[Recorded information Boundary: Start]
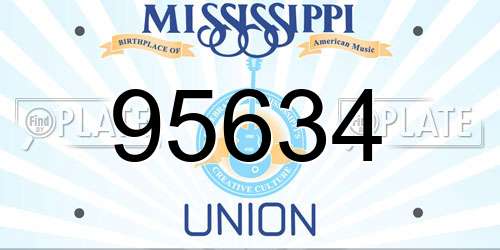 95634 Mississippi License Plate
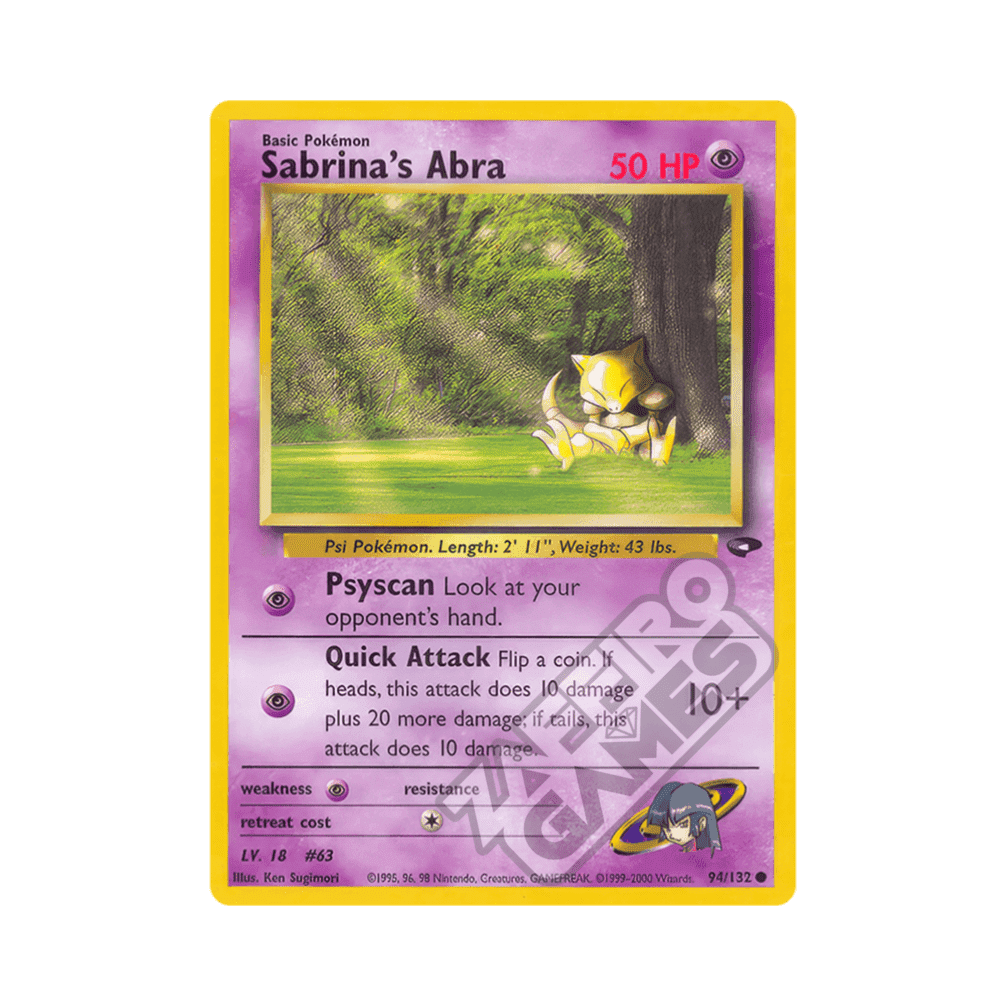 094/132 Sabrina's Abra Comune Unlimited (ENG) - Gym Challenge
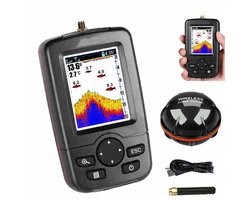 Visvinder - Draadloze Visdetector - Sonarsensor - Dieptemeting tot 45m - Met Afstandsbediening & Scherm - Voor Zoet & Zoutwater - Geschikt voor Boot & IJsvissen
[Recorded information Boundary: End]
Task goal: For each line above, output its wording exactly and leave out any picture.

Answer space:
 95634 Mississippi License Plate
 094/132 Sabrina's Abra Comune Unlimited (ENG) - Gym Challenge
 Visvinder - Draadloze Visdetector - Sonarsensor - Dieptemeting tot 45m - Met Afstandsbediening & Scherm - Voor Zoet & Zoutwater - Geschikt voor Boot & IJsvissen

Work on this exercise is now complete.